**Problem description:** Restate each line of the listing exactly, without carrying over any pictures.

**Material for this task:**
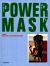 Power Mask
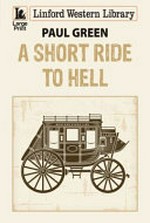 A short ride to hell / Paul Green.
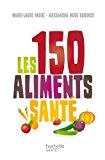 Bild des Verkufers fr Les 150 Aliments Sant zum Verkauf von RECYCLIVRE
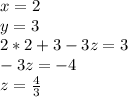 x=2\\&#10;y=3\\&#10;2*2+3-3z=3\\&#10;-3z=-4\\&#10; z=\frac{4}{3}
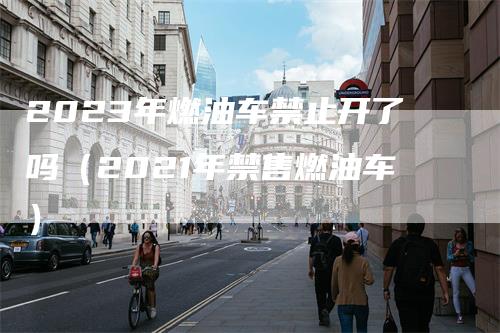 2023年燃油车禁止开了吗（2021年禁售燃油车）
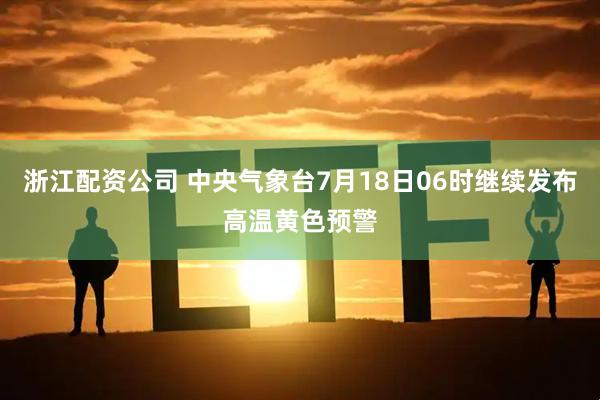 浙江配资公司 中央气象台7月18日06时继续发布高温黄色预警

**Task output:**
 Power Mask
 A short ride to hell / Paul Green.
 Bild des Verkufers fr Les 150 Aliments Sant zum Verkauf von RECYCLIVRE
 x=2\\&#10;y=3\\&#10;2*2+3-3z=3\\&#10;-3z=-4\\&#10; z=\frac{4}{3}
 2023年燃油车禁止开了吗（2021年禁售燃油车）
 浙江配资公司 中央气象台7月18日06时继续发布高温黄色预警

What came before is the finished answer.